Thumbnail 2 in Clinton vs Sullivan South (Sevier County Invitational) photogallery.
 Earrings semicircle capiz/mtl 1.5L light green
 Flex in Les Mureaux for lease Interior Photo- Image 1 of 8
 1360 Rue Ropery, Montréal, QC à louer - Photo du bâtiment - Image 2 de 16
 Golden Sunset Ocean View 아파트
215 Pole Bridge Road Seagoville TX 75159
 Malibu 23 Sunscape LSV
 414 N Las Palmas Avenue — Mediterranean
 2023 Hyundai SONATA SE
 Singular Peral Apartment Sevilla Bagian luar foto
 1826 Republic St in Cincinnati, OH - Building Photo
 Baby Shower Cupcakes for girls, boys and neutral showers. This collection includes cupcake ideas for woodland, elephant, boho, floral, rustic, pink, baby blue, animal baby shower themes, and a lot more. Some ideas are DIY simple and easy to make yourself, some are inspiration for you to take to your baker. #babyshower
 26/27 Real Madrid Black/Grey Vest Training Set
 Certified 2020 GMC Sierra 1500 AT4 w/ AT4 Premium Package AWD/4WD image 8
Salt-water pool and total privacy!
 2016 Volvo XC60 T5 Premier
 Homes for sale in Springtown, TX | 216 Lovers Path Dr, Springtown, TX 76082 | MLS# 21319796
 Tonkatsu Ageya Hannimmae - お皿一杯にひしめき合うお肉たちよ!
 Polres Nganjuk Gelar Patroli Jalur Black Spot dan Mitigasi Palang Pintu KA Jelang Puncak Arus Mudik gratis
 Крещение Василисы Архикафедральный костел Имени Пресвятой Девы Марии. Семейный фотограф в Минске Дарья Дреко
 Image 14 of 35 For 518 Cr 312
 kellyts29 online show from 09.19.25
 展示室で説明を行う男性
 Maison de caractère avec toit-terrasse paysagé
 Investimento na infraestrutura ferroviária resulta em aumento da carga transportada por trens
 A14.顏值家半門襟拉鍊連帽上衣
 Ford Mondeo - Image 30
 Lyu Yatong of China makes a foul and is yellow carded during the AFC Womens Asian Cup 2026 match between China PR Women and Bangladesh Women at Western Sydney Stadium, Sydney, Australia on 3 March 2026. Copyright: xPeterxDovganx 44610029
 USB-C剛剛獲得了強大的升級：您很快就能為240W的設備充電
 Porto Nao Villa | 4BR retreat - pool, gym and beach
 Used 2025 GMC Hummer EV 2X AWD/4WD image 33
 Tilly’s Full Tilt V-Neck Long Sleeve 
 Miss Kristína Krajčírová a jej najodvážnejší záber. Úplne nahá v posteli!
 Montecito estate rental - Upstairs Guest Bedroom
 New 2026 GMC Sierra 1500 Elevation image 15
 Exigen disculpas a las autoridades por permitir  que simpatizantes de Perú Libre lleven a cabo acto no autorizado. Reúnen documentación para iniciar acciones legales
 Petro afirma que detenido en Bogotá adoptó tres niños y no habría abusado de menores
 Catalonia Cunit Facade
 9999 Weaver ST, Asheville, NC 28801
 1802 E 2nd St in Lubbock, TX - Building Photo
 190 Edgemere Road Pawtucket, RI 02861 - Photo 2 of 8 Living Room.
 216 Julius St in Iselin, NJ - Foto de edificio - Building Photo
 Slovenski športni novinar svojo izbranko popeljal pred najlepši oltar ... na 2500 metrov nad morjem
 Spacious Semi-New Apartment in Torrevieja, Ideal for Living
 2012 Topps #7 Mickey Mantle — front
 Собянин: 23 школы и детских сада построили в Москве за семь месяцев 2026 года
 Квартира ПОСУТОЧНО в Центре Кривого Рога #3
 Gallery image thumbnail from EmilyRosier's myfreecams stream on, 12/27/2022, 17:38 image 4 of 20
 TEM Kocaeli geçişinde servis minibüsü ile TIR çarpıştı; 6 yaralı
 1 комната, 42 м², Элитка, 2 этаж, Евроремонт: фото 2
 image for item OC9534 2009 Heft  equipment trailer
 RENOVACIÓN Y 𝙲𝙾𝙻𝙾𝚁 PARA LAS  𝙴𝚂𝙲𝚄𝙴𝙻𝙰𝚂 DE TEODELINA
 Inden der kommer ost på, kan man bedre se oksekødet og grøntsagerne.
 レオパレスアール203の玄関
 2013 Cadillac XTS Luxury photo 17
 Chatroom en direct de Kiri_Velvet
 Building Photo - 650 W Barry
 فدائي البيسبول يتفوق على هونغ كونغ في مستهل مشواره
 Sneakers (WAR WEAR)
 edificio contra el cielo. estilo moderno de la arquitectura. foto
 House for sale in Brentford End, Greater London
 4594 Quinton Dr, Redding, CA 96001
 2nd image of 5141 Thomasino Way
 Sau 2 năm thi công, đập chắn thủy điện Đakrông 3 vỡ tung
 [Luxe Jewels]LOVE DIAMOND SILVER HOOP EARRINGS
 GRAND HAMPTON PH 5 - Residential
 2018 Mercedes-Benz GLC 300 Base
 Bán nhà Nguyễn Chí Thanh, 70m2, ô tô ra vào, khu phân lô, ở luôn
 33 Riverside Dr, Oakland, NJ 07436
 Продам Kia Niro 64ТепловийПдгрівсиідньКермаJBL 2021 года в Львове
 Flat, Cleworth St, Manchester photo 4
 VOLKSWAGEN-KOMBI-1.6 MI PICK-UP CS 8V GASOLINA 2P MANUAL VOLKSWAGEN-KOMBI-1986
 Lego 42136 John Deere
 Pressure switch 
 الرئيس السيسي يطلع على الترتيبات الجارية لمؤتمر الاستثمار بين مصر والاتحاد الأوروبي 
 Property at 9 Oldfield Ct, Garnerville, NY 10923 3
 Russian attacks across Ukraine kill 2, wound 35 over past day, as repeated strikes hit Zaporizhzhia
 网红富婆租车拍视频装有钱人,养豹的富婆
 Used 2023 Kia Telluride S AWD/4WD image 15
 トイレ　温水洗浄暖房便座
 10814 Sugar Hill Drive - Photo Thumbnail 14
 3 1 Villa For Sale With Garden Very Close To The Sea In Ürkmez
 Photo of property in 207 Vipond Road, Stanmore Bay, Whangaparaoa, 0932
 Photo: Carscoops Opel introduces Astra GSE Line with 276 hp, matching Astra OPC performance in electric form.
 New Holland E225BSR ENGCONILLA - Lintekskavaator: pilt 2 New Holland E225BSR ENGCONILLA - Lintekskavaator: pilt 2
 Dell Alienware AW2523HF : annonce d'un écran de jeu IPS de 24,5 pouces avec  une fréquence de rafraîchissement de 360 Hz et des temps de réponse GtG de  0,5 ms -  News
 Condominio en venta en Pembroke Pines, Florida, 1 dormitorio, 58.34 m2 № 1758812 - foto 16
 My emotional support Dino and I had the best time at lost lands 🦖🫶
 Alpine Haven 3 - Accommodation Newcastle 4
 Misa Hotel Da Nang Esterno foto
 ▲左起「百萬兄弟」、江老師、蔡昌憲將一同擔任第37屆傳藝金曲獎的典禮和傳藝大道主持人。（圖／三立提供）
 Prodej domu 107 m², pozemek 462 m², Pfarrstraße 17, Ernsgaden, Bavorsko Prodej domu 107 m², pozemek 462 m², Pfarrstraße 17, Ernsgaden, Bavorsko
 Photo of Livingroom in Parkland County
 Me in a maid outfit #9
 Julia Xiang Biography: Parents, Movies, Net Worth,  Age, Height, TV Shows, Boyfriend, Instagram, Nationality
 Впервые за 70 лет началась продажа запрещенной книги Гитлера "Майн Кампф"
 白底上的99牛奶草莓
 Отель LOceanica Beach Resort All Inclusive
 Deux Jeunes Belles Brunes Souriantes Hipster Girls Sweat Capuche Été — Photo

··········

_TASK STATEMENT:_ In the listing above, which lines include the string "avec"? Return every one of them.

_EXPECTED OUTPUT:_
 Maison de caractère avec toit-terrasse paysagé
 Dell Alienware AW2523HF : annonce d'un écran de jeu IPS de 24,5 pouces avec  une fréquence de rafraîchissement de 360 Hz et des temps de réponse GtG de  0,5 ms -  News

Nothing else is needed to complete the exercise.